当前位置：网站首页>Bosun query

Bosun query

2022-06-24 15:20:00 【Wang Lei -ai Foundation】

background

bosun It's a by Stack Exchange Open source monitoring and alarm system , The tools that can be benchmarked are prometheus Of alertmanager. bosun Is designed to work with a variety of tsdb Configure the monitoring alarm system , however bosun It also provides a set of dsl Used to query and monitor 、 Evaluation indicators , bring bosun It's also a kind of tsdb irrelevant （ Current support such as opentsdb, prometheus, influxdb, es Many other kinds tsdb Back end ） Index query language . To understand bosun How to generate an alarm , Or just use his index query ability , Coordination as grafana Such a monitoring front-end to display indicators , Then you must understand the language .

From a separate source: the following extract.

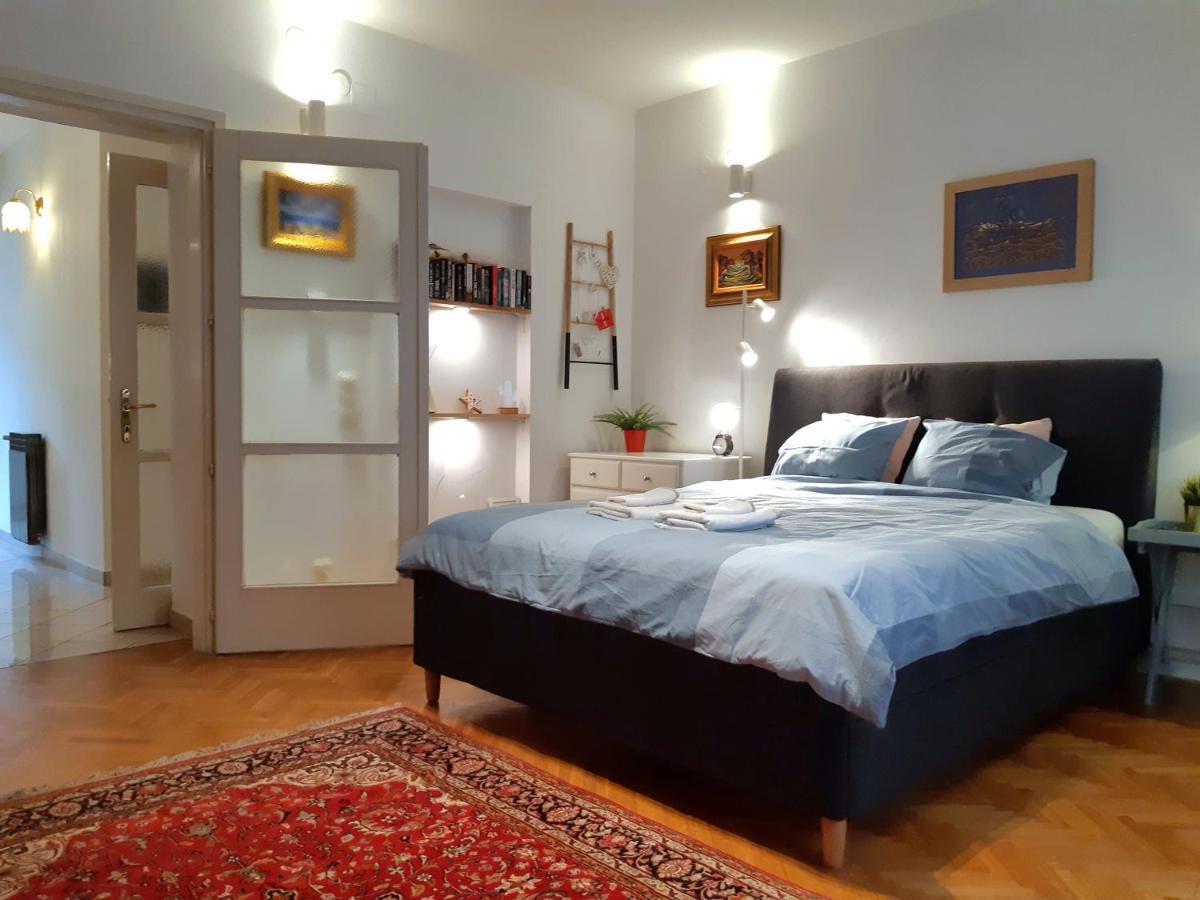 My Miracle Apartment Zagreb Extérieur photo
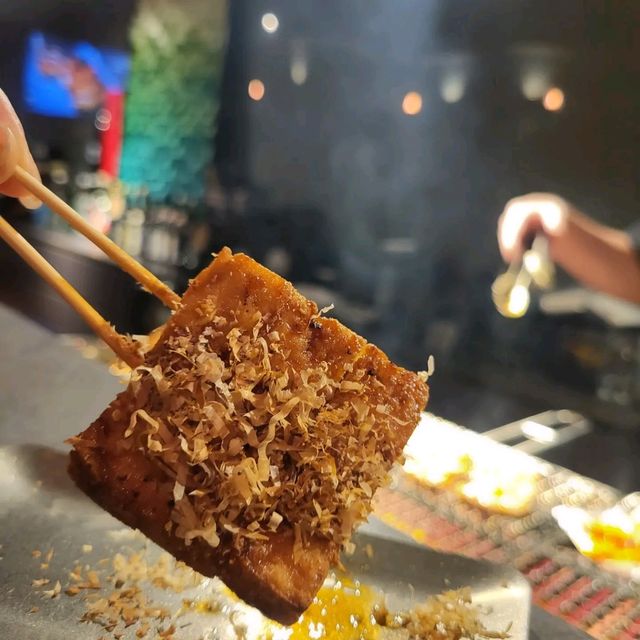 在香港也能吃到提燈了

bosun It is not a very hot project , There are 3.1k star, There are few documents about him in the market , Most of them are literal translations of official documents . The purpose of this article is to introduce bosun How to query （ Mainly for the backend opentsdb）, And some query skills .

Concept

First of all, understand bosun Some type concepts in queries ：

Scalar It's just a number
NumberSet and Scalar It's basically one thing , But there is one more group tag, empty {} It is tag
SeriesSet yes The most common format for characterizing the original indicator , and NumberSet Different , Its corresponding value is not a number , It's a set of associated timestamp values , such as Time 100 The next value 3.14, Time 200 The next value 3.28
Results It is not a concept introduced in the document , It is the most common type of query in practice , It represents the most common result of a query ： It's a group tag Different SeriesSet perhaps NumberSet Etc . There are different in the document tags Combination is also called group.

Inquire about

in the light of opentsdb Query in ,bosun Several query methods are provided

q

q(query string, startDuration string, endDuration string) seriesSet

This is the most commonly used query method , Most alarms are also queried with this statement , This statement is very simple , among query yes opentsdb Of Query statement ,startDuration and endDuration Is the start and end query time , such as q(sum:rate{counter}:sys.cpu.user, 5m, 1m), Represents a query sys.cpu.user indicators 5m Forward to 1m Some time ago sum:rate. There is a delay in the collection of indicators ,endDuration It is generally recommended that at least 1m front .

#  Example  
q("sum:rate{counter}:${service}.rpc.calledby.success.throughput", "5m", "1m")

group	result	computations
{ }	
{
  "1620196950": 2.016666666666667,
  "1620196980": 2.3666666666666667,
  "1620197010": 1.0999999999999999,
  "1620197040": 1.8333333333333335,
  "1620197070": 2.7333333333333343,
  "1620197100": 2.5,
  "1620197130": 1.7000000000000002,
  "1620197160": 0.9666666666666666
}

bandQuery/overQuery

bandQuery(query string, duration string, period string, eduration string, num scalar) seriesSet band(query string, duration string, period string, num scalar) seriesSet

bandQuery It means use query Statement is executed multiple times (num Time ) Inquire about , The time range of each query is determined by duration/period decision ,
band yes bandQuery A special form of , It's equivalent to setting up eduration = period, such as band("avg:os.cpu", "1h", "1d", 3) It is equivalent to querying the following three statements q("avg:os.cpu", "25h", "1d"), q("avg:os.cpu", "49h", "2d"), q("avg:os.cpu", "73h", "3d"), Because it's set up eduration=period, So the latest cycle is (period+duration,period)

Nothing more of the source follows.